EXERCISE PROMPT: The output should match, line for line, the records from the line containing "GRACO ベビーカー 生後1ヶ月〜36ヶ月 シティ スター GB | ベビー用品の GRACO" through the line containing "Limpopo Accommodation at", with every picture left out.

Top of SUPPLIED MATERIAL

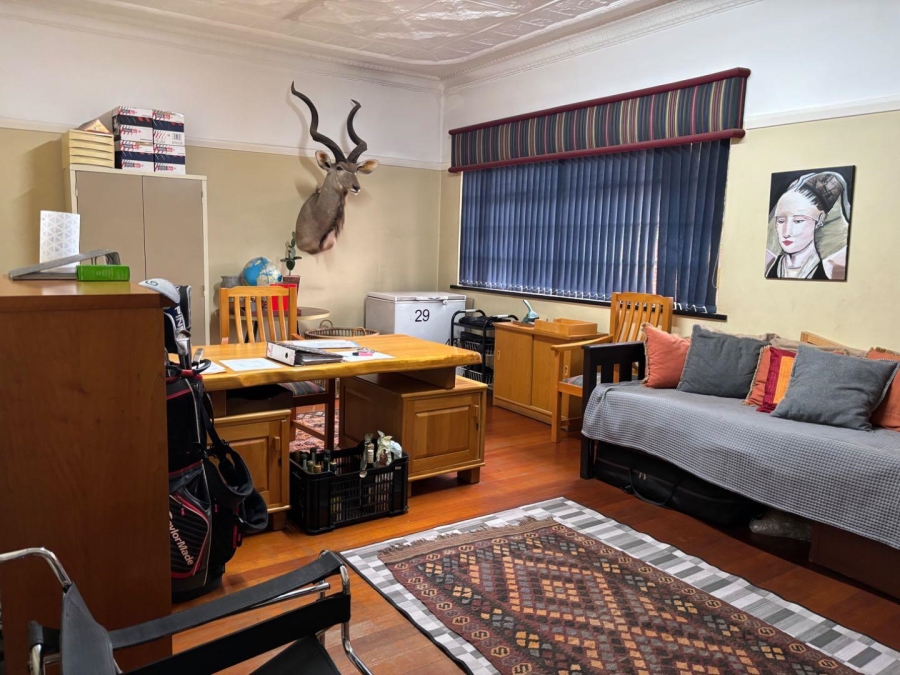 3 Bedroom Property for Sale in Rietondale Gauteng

Bottom of SUPPLIED MATERIAL
Top of SUPPLIED MATERIAL

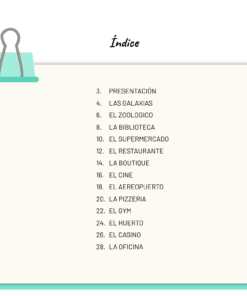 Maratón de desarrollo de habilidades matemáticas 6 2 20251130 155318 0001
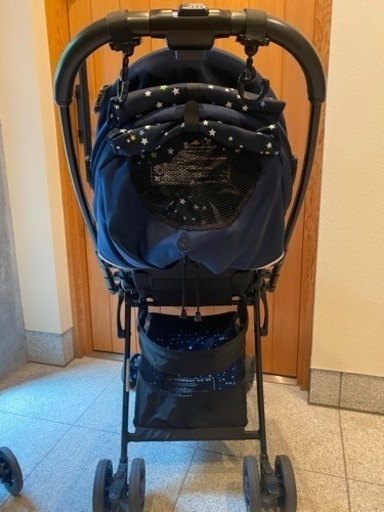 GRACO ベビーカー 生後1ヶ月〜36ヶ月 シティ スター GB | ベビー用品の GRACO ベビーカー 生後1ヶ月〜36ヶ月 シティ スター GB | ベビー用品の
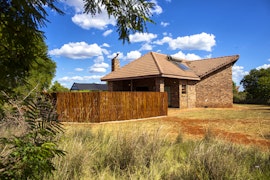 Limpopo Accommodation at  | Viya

Bottom of SUPPLIED MATERIAL

SOLUTION BELOW:
 GRACO ベビーカー 生後1ヶ月〜36ヶ月 シティ スター GB | ベビー用品の GRACO ベビーカー 生後1ヶ月〜36ヶ月 シティ スター GB | ベビー用品の
 Limpopo Accommodation at  | Viya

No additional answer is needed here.